The Igros Moshe (Y.D. volume 3,  154) wonders why this ruling is ignored  nowadays – after all, Jews have been  erecting headstones on tzaddikim’s  graves for centuries! He answers that,  “Perhaps this is because there a number  of laws applying to talmidei chachomim  that are not customary nowadays.”

From the above Chazal that states,  “We do not erect nefashos for tzaddikim  for their words are their remembrance,”  we can infer that a major purpose of the  matzeiva is to act as a memorial for the  deceased and perpetuate his memory,  something the righteous person does not  need because people remember his wise  teachings and great deeds. However, the  Taamei Haminhagim mentions another  reason for the tombstone based on the  fact that the matzeiva is sometimes called  a nefesh – that its purpose is to provide  a clearly defined resting place for the  nefesh of a person, which, unlike the  ruach and neshamah that rise to higher  realms, hovers around the kever and only  leaves on Shabbos and Yom Tov.

Tombs of all Trades 
The tombstones of Torah observant  Jews are generally without much  ostentation and ornamentation. Rav  Moshe Feinstein (ibid) explains that  this is in accordance with the decree  of Raban Gamliel (Kesuvos 8b) that  deceased people should be buried in  plain tachrichin – the same applies to  matzeivos. Nonetheless many old time  stones added a carving or two to depict a  person’s name or occupation.

Besides the customary motif of  raised hands for Kohanim or a pitcher  and washbasin for Levi’im, stones had  depictions of scissors for a tailor, lions  for people named Yehuda (as on the  Maharal’s kever), deer for the name  Hirsch (deer), a tzeddakah box for a  gabai tzeddakah, chains for a goldsmith,  a goose feather pen and klaf for a sofer,  a bird if someone’s name was Yonah  and a fish if his name was Fischel. One  fourteenth century stone in Speyer,  Germany, has a flower in memory of  a woman named Blume bas YaakovGeneric engravings included two  candlesticks for women and a broken  candlestick for women who had died in  their youth.

Family names were commemorated in  similar fashion, such as the goose on the  tombstone of Dovid Gans (the Tzemach  Dovid of Prague), a mouse for members  of the Maisl family, and for the deceased  of the Karpelis family – a fish.  According to legend, a well known  fish monument in Vienna is in memory  not of any human being but of a finned  and scaled creature of the depths. Near  the stairs leading to a Jewish old age  home in Vienna stands a stone monument  topped with an inverted fish. The story  goes that a Jew once caught a large fish  in the Danube that flows through Vienna  and was about to decapitate it when it  suddenly pronounced the words Shema  Yisroel. Puzzled, the Jew hurried to the  local Rav where he received the pesak  that rather than eat the fish, it should  be interred and its burial place marked  forevermore with a fishy engraving in  commemoration of the unusual event.
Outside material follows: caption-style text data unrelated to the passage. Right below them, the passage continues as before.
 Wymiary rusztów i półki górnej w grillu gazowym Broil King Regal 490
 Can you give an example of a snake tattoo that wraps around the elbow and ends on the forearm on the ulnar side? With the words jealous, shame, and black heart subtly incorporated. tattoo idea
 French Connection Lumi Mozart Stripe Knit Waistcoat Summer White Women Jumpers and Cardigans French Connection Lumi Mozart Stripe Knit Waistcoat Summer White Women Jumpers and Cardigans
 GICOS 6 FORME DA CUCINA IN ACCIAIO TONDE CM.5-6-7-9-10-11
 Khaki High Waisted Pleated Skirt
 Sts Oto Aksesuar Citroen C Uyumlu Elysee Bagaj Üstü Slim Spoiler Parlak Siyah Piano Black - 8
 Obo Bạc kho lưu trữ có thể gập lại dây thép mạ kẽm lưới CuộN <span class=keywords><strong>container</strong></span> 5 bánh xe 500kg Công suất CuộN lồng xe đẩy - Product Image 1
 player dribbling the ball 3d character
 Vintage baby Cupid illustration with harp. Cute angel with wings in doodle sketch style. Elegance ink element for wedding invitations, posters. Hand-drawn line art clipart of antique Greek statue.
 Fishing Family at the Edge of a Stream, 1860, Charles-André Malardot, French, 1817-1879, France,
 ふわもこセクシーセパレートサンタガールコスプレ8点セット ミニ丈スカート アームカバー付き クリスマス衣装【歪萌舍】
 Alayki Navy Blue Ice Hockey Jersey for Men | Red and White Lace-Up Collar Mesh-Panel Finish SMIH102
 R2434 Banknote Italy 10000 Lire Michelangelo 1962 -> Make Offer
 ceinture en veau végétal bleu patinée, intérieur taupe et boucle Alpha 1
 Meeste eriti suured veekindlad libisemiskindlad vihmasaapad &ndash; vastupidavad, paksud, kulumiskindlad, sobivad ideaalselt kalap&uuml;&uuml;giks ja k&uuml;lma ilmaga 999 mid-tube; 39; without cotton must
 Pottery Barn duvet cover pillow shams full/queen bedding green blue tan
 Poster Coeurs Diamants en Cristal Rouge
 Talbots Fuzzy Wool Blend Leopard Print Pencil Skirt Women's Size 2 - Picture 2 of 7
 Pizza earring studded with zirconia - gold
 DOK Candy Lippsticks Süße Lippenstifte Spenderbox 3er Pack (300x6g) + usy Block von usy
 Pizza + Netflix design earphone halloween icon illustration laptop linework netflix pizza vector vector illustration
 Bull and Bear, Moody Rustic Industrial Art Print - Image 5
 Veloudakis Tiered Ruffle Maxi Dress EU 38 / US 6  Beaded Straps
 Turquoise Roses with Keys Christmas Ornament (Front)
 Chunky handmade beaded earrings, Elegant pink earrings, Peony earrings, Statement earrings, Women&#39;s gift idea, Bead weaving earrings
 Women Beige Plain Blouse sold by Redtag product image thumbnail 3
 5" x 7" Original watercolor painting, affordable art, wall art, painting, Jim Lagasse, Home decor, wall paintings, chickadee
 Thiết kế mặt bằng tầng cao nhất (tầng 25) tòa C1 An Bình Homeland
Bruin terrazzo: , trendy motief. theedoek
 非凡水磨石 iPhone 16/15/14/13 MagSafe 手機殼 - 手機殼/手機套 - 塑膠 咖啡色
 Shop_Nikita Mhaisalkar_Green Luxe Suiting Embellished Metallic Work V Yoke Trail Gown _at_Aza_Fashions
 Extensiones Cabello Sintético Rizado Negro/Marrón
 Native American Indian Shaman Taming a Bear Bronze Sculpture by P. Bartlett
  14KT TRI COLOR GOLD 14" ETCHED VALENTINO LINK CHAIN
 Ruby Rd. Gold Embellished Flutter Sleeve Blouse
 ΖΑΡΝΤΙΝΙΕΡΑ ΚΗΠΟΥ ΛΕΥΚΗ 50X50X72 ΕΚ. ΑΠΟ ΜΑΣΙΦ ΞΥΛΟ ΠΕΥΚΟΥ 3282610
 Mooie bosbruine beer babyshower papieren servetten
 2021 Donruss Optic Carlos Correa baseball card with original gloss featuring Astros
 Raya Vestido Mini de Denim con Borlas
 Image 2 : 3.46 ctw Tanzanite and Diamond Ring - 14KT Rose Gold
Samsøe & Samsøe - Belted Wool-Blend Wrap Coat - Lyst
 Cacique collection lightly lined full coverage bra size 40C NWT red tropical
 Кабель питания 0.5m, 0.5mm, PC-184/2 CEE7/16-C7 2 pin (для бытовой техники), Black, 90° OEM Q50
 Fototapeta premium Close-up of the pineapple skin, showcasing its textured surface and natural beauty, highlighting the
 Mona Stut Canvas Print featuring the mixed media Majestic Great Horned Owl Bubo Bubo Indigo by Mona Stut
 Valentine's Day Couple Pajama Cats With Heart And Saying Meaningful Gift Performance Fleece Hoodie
In one famous cemetery, most of  the graves have no tombstones at all  and are completely invisible. This is  the Old Jewish Cemetery of Prague  where the local authorities gave the  Jewish community a relatively tiny plot  of land to bury their dead. Realizing  that the cemetery would soon be full  to overflowing, the Jews deliberately  excavated the cemetery to a great depth  in order to add new layers every time  it filled up, and over the centuries,  most of the interred were lost to view.

It is estimated that the 12,000 visible  tombstones on its surface are the  legendary tip of the iceberg and that it  actually contains about 100,000 graves  buried in twelve layers.

As for the forgotten generations  buried beneath, their memorials are the  words of the verse of Mishlei (17:6)“Children’s children are the crown of the  old, and the glory of children are their  fathers.”

(Sources include: Jakobovits, Rabbi  Immanuel. Jewish Medical Ethics. New  York: Bloch Publishing Company, 1967.)